Avec les évolutions de l’histoire longue en toile de fond et les fortes mutations économiques et de l’emploi en cours, le très fort rebond de l’économie et la montée sensible des prix en résultant pourraient, le cas échéant, et si la pandémie ne resurgit pas, enclencher une nouvelle indexation des salaires sur les prix, puis une boucle d’indexation qui pourrait ainsi entraîner le monde dans un nouveau cycle de régime inflationniste. Le coût croissant de la nécessaire transition énergétique pourra également peser sur une hausse durable des prix. Rien n’est certain, loin de là, mais le cas n’est plus à exclure.

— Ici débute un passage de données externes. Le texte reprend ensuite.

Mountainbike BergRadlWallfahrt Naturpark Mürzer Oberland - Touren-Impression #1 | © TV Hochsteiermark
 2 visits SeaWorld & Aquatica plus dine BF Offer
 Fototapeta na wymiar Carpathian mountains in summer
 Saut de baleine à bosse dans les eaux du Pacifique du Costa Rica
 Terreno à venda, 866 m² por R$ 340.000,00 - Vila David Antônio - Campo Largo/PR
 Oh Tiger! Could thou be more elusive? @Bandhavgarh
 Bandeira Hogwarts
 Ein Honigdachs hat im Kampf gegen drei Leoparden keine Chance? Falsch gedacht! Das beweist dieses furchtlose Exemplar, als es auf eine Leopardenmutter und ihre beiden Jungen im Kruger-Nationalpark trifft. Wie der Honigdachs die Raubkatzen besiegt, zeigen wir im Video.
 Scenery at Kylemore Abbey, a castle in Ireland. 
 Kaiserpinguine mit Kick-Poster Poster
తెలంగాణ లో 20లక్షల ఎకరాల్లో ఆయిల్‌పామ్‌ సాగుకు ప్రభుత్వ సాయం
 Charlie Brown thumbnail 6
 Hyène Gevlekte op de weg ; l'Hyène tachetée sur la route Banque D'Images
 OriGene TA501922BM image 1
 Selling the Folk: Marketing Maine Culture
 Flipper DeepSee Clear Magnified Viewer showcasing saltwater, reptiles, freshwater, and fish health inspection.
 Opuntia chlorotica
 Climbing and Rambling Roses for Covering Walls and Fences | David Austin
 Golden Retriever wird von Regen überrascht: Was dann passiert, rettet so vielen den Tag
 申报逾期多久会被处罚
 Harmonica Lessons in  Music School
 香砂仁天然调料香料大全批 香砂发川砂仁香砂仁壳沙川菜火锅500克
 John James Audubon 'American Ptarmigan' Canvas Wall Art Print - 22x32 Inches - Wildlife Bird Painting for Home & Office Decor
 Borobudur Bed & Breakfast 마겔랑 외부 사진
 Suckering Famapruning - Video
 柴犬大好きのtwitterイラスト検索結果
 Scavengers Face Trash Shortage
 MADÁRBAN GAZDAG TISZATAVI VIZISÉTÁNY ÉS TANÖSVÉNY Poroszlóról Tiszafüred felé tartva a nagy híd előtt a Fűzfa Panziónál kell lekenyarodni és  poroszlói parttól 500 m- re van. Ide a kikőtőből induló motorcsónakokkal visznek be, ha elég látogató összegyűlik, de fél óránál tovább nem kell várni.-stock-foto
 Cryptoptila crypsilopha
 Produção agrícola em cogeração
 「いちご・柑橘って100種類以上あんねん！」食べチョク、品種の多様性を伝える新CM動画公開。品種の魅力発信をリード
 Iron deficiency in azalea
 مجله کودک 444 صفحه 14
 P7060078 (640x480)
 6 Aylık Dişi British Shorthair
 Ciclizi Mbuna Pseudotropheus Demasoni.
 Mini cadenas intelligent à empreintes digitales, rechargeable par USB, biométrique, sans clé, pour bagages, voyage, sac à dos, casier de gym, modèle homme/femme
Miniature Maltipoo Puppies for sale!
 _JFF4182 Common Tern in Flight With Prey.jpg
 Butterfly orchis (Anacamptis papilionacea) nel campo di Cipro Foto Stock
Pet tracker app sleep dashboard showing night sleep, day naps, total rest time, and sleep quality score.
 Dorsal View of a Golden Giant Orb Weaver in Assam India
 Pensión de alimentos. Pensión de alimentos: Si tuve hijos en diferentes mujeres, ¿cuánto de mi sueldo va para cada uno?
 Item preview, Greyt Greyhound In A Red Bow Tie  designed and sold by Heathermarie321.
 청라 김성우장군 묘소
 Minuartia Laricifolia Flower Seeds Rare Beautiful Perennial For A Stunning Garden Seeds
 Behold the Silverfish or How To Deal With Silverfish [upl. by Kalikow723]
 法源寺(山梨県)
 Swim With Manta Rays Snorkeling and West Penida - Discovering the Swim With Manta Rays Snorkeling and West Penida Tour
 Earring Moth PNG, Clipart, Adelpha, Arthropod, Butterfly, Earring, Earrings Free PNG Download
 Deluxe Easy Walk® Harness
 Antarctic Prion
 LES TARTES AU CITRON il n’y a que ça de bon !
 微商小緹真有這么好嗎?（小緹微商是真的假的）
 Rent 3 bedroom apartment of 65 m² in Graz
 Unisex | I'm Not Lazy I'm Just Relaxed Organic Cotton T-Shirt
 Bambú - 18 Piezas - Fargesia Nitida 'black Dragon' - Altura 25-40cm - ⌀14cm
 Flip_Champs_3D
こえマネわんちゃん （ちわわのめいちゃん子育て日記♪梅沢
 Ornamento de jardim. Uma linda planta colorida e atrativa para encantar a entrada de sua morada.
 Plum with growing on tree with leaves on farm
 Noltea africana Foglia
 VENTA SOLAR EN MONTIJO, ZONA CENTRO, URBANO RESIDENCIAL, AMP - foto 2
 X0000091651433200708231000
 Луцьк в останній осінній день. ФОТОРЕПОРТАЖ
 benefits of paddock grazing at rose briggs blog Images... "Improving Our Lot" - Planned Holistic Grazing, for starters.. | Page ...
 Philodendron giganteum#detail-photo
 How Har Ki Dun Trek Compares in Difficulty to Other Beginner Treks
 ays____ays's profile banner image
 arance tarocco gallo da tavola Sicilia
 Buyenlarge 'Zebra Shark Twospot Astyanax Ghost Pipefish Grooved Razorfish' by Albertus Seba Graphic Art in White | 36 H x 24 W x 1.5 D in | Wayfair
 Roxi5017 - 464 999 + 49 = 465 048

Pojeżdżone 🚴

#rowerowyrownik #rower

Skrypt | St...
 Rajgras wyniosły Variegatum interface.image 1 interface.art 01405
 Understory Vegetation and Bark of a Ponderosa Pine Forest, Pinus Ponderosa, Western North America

Gageons cependant que les banques centrales, affichant ainsi leur indépendance vis-à-vis des Etats comme des marchés financiers, agiraient alors, lorsque la croissance sera revenue sur sa tendance de moyen terme, pour stopper un tel retour à un régime inflationniste. Les augmentations de taux d’intérêt qui en résulteraient seraient d’ailleurs bienvenues pour freiner les bulles spéculatives en plein développement actuellement. Mais ceux des Etats ou des entreprises qui sont très endettés devraient alors s’y préparer au mieux, en agissant structurellement sur leur trajectoire de solvabilité.